_PROBLEM DESCRIPTION:_ The copy should begin at the line containing "Woodstock, GA 30188" and end at the last line of the material. Please reproduce those lines exactly and keep pictures out.

○ ○ ○

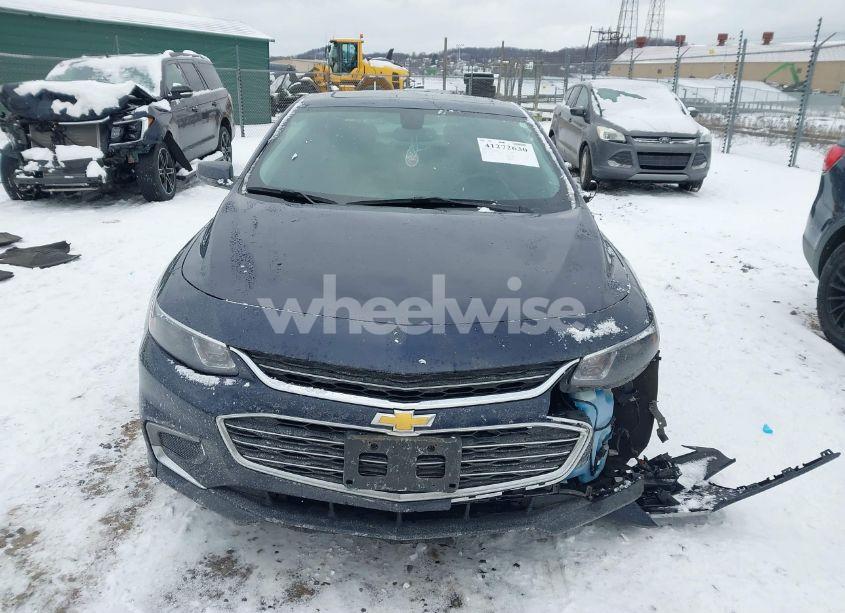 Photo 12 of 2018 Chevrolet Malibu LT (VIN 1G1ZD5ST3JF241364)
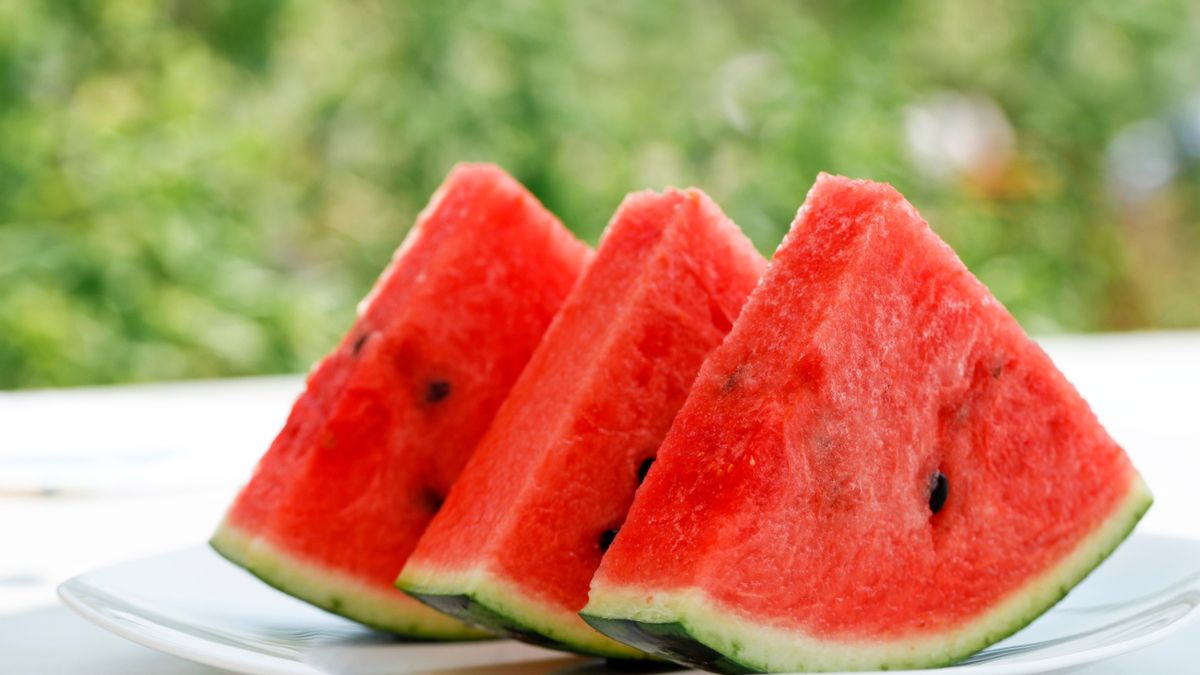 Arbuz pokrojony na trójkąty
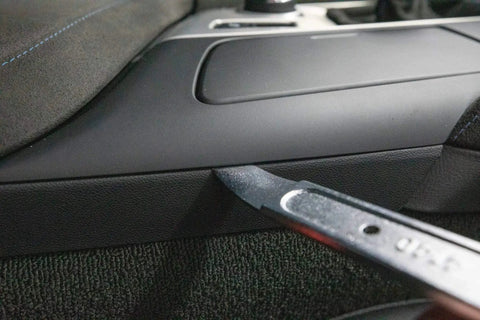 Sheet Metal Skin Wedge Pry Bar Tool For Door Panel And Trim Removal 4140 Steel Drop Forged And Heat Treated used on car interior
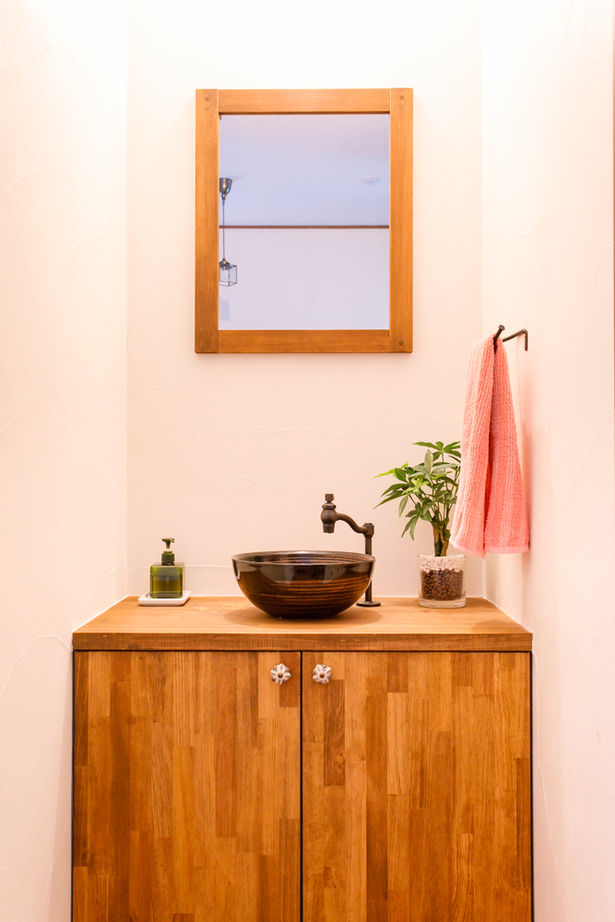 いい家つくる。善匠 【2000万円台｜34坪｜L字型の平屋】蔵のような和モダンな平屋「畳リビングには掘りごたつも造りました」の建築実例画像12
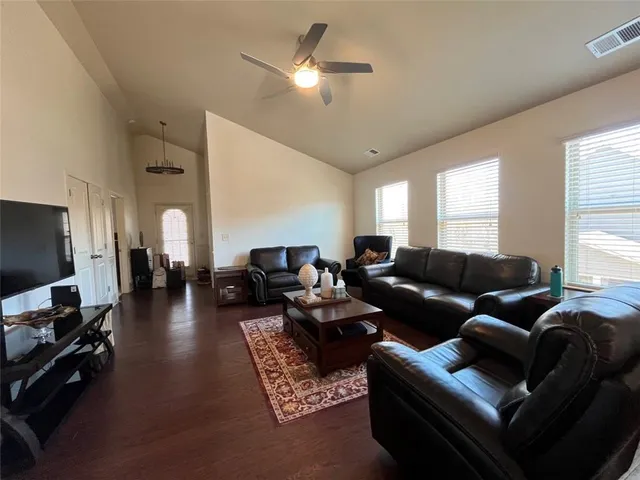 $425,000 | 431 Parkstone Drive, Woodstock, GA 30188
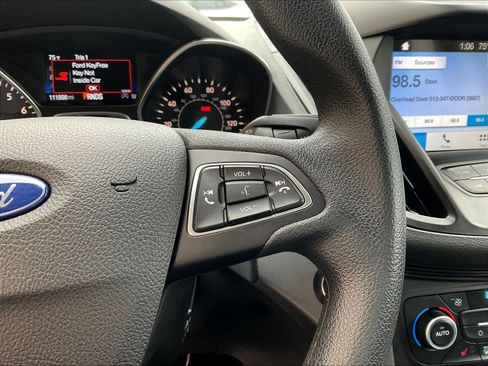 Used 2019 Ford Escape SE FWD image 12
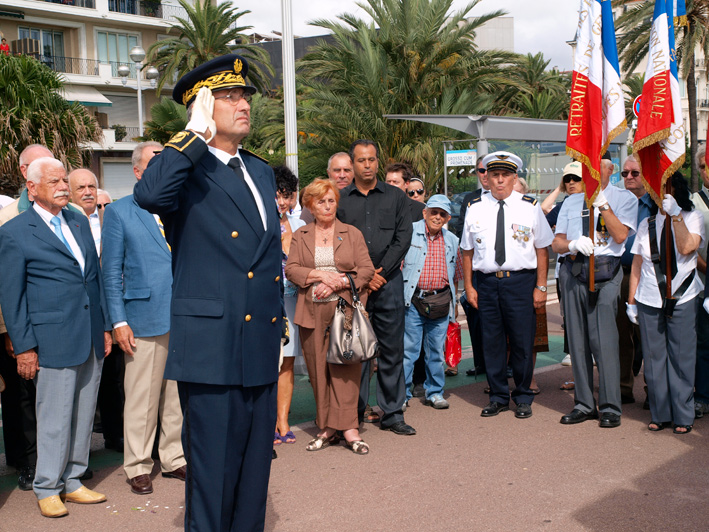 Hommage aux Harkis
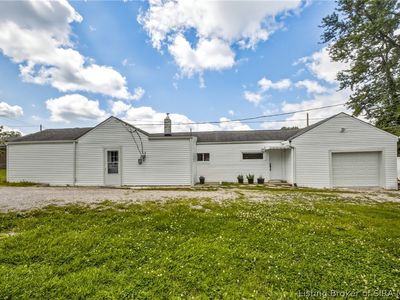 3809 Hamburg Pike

○ ○ ○

_ANSWER SPACE:_
 $425,000 | 431 Parkstone Drive, Woodstock, GA 30188
 Used 2019 Ford Escape SE FWD image 12
 Hommage aux Harkis
 3809 Hamburg Pike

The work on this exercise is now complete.